Adjusters work on behalf of victims like Redmond to coordinate and negotiate insurance payouts with the insurance company.
"She trusted somebody when she was in a weak spot," Jamie Redmond, Nikki's son, said.
Redmond hired public insurance adjuster JoAnn Hardin to help negotiate the claims process.
"She said 'Nikki, I understand exactly what you are going through and we will help you,’" Redmond recalled.
Fast forward more than a year later -- Strickland was there with state insurance investigators and local police as they arrested JoAnn Hardin.
"Do you have any apologies to make to Mrs. Redmond?" Strickland asked.

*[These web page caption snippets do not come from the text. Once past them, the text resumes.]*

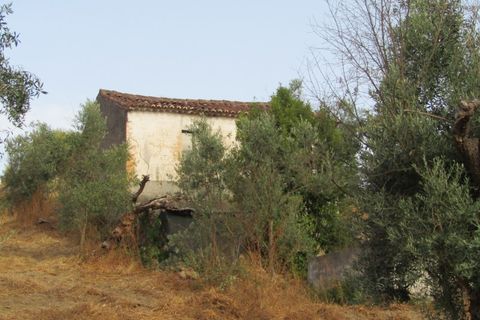 Landejendom i Mouriscas, Santarem, Mouriscas - € 66.000 | Ref: P25-233 - foto 10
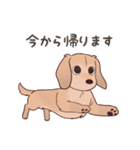 ダックス大好き！家族の連絡専用◆クリーム（個別スタンプ：33）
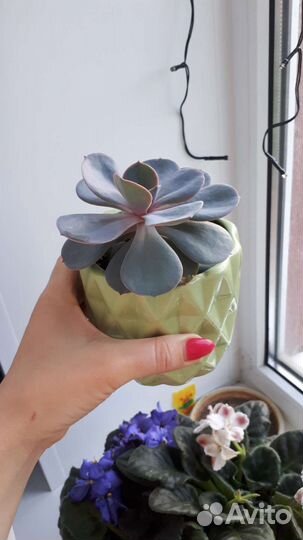 Суккуленты жемчужина нюрнберга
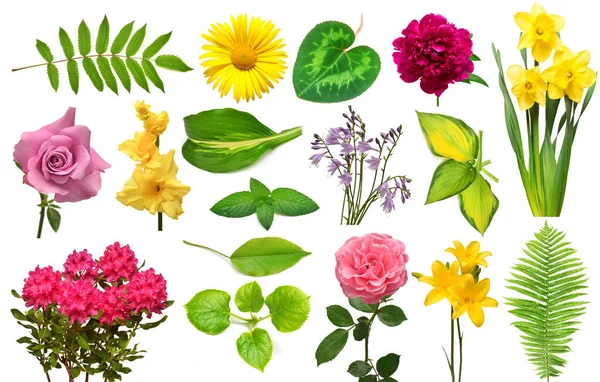 Een Set Elementen Flora Collectie Bloemen Blad Tak Geïsoleerd Een — Stockfoto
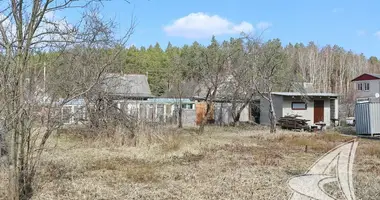 Haus in Muchaviecki siel ski Saviet, Weißrussland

"Um, please, go away," Hardin told Strickland as investigators put her in handcuffs.
Also put in handcuffs -- her husband, Jonathan Hardin.
"I've got your spreadsheet right here. This is their main piece of evidence against you for stealing $150,000," Strickland said to Jonathan Hardin as he was being taken into custody.
"It's a construction job. I don't know how to explain," Jonathan Hardin said.
"You're not a contractor," Strickland said.
"No sir," Jonathan Hardin said.
Hardin has no contractor license, but his own records allegedly show him bilking Redmond's insurance money.
There's a $25,000 administrative fee and another $4,400 to get the building permit, which Redmond says bears her forged signature.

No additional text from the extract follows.